I have never studied random processes, but in my baggage I carry only basic concepts of probability that can all be enclosed in the first chapter of this book https://www.springer.com/gp/book/9781475725391 (elementary probability theory). With this premise, I find myself having to deal with thermal noise for work. To this end I am trying to get an idea of what a random process is, and what I understand is this: given a space $(\Omega, \mathcal {A}, P)$ a random process is a set of different random variables, which I indicate as follows.

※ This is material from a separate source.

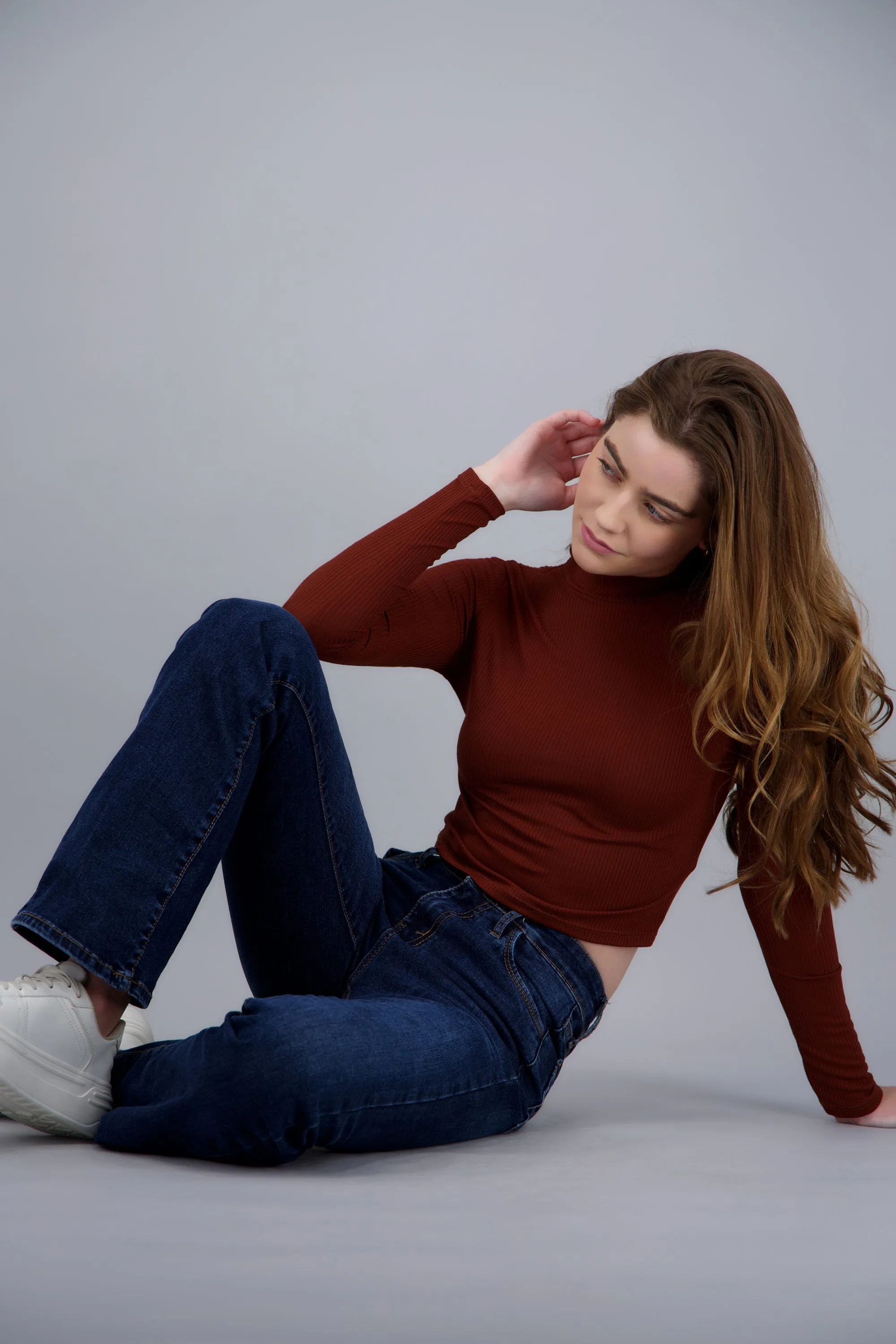 Top crop manga larga cuello alto sold by Shasa product image thumbnail 3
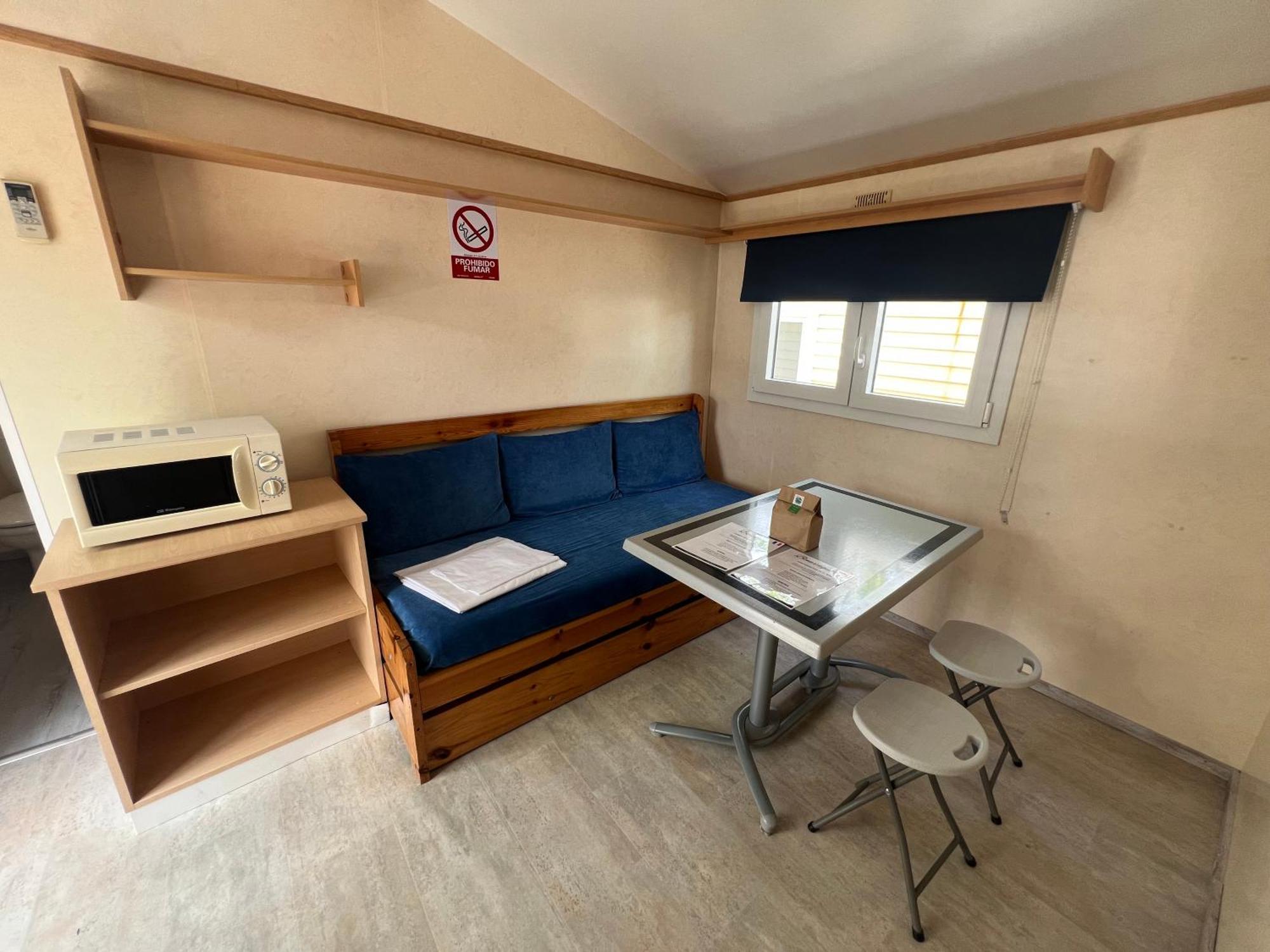 Camping Bungalow El Llac De Banyoles Porqueres Cameră foto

$$\{\xi (\omega; k), k \in \mathbb{N} \} $$
where for simplicity I'm thinking of a finished set $\Omega$, where the single elementary events are indicated with $ \omega$ and the random variables (functions only of $ \omega$ ) that form the random process are a countable set. So in my head I'm seeing this:
where, even if not drawn, obviously the domain of each $ \xi (\omega; k)$ is the whole $ \Omega$. If I have not yet said stupid things, it means that when you try the experiment a single time, the number that each of the $ \xi (\omega; k)$ is given.
So I ask myself: how is thermal noise schematized in this perspective? Who are the elementary events $ \omega$? All the values (e.g. voltage, in volts) that noise can assume? And if so, who are the various $ \xi (\omega; k)$, and how do they map the various $ \omega$ into $\mathbb{R}$?
Have mercy if my questions are stupid, but I have never approached these things until these days. Thanks in advance.